Devo dire che l’intensità narrativa raggiunta da Silvia Vecchini in questo romanzo, pubblicato nel 2011, mi ha sorpresa.

L’idea di raccontare la storia di Maria calandosi totalmente nel vissuto dell’epoca allo scopo dichiarato (dall’editore almeno!) di comunicare i fatti evangelici ai  più giovani, suscitava in me più che scetticismo: un reale disagio. Immaginavo che una struttura narrativa come quella scelta dalla Vecchini, in cui in ciascun capitolo il racconto è affidato a un personaggio diverso, potesse risultare artificiosa e alla lunga pesante. Questa staffetta di punti di vista differenti passa attraverso occhi noti (quelli di Giuseppe, Gioacchino, Anna), personaggi di pura invenzione (l’amica Lia, Il carrettiere che conduce Maria al paese di Elisabetta), oggetti rituali (la tenda del Tempio e l’acqua delle abluzioni), fino all’asino, cui è affidato il racconto se pur riflesso della nascita di Gesù.

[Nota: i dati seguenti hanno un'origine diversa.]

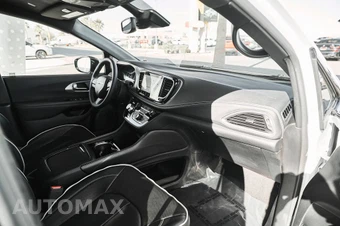 2025 Chrysler Pacifica Limited 121.6" WB - miniatura 18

Le mie reticenze sono state presto spazzate via. Dalle prime pagine, infatti la profonda conoscenza da parte dell’autrice del periodo storico in questione, della lingua parlata dai protagonisti e dei loro costumi quotidiani contribuiscono a creare un’atmosfera  assolutamente credibile, in cui è facile essere risucchiati. Presto si impara a seguire le voci narranti, come acrobati esperti che balzano da un ramo all’altro in una foresta popolata da alberi di ogni specie che offrono sullo stesso paesaggio punti di osservazione diversi.

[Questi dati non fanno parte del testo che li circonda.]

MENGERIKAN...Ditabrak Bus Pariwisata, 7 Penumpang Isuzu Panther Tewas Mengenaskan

L’esercizio non è fine a se stesso: trasmette l’idea dell’Avvenimento. Un fatto avviene, il Mistero entra nella storia e, come un sassolino caduto in acqua, agita tante sottili onde concentriche: tutti vengono in qualche modo investiti, ma ciascuno reagisce all’impatto in base alla propria posizione e secondo la propria natura, ovvero in base alla propria libertà.

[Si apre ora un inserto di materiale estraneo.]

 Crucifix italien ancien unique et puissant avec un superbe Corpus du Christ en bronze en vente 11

Il vero punto di forza di questo romanzo, che considero una bella prova di maturità da parte della Vecchini, consiste però a mio avviso nel filo rosso che riesce a tracciare tra le pagine (anche graficamente rappresentato!) e che è il rapporto determinante che Maria ha con Dio Padre. Un rapporto di totale abbandono. Di Maria si impone quasi come un urlo che scuote il lettore l’assoluta libertà. Con la stessa dedizione e umiltà con cui tesse il filo di porpora per la tenda del Tempio, per tutta la vita ella conduce un dialogo serrato con Dio, un dialogo che la determina: lei è quel rapporto. Al punto da non temere il confronto dialettico né con il gran sacerdote di Gerusalemme, né con l’arcangelo Gabriele quando va a visitarla. Al punto da astenersi dal prendere iniziative anche quando le cose si mettono male. Al punto che a Giuseppe che riprendendola  con sé le chiede comprensibilmente “Perché non me lo hai detto?”, risponde: “Chi sono io per mettermi tra te e il Signore?”.

Questa stessa dinamica, tutta giocata in un rapporto con Dio è vissuta da Giuseppe. Tanto bruciante da domandarsi  se la ripudierà o no… Eppure sappiamo come va a finire!